START Collected data

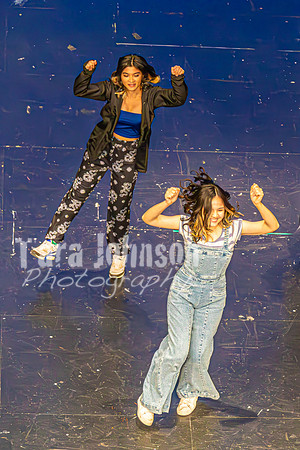 2024 IA IASA - Catwalks - Act 1 - TJP (30 of 193)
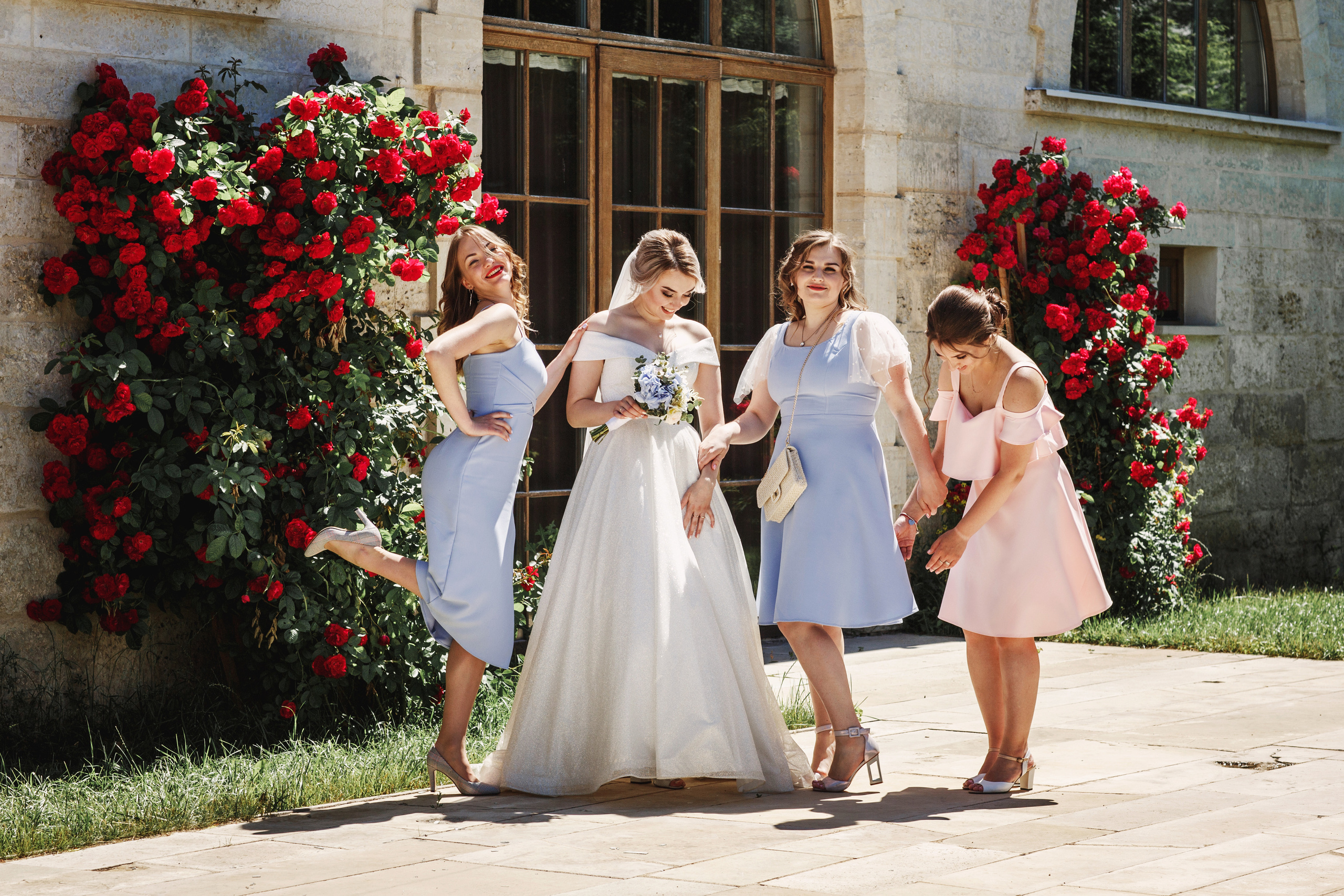 Свадьбы. Фотограф Липецк. Фотограф в Липецке Татьяна Минаева. Портретный фотограф Липецк. Свадебный фотограф Липецк. Бизнес фотограф Липецк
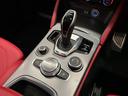 ２．０ターボ　Ｑ４ヴェローチェ　・認定中古車保証１年付帯・バッテリー新品交換渡し・純正ＴＶチューナー・禁煙車・ワンオーナー・・弊社管理ユーザー様下取車・純正ＥＴＣ車載器・取扱説明書・保証書（48枚目）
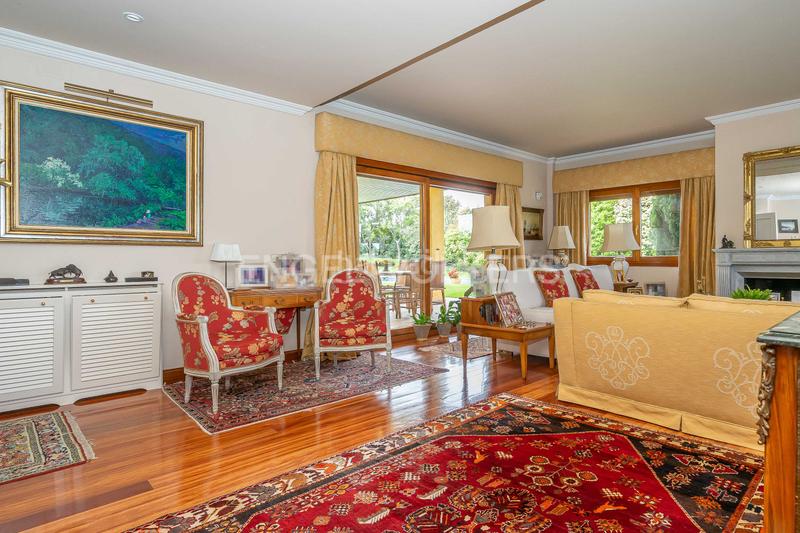 Foto c2c13209-94ce-40f4-a53e-0ddac6db6355. Maison avec chauffage piscine dans Ciudalcampo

END Collected data

◆ **Work task**: Only the lines from the one containing "Свадьбы. Фотограф Липецк." through the last line of the material are to be restated word for word; no picture is to be included.

◆ **Task output**:
 Свадьбы. Фотограф Липецк. Фотограф в Липецке Татьяна Минаева. Портретный фотограф Липецк. Свадебный фотограф Липецк. Бизнес фотограф Липецк
 ２．０ターボ　Ｑ４ヴェローチェ　・認定中古車保証１年付帯・バッテリー新品交換渡し・純正ＴＶチューナー・禁煙車・ワンオーナー・・弊社管理ユーザー様下取車・純正ＥＴＣ車載器・取扱説明書・保証書（48枚目）
 Foto c2c13209-94ce-40f4-a53e-0ddac6db6355. Maison avec chauffage piscine dans Ciudalcampo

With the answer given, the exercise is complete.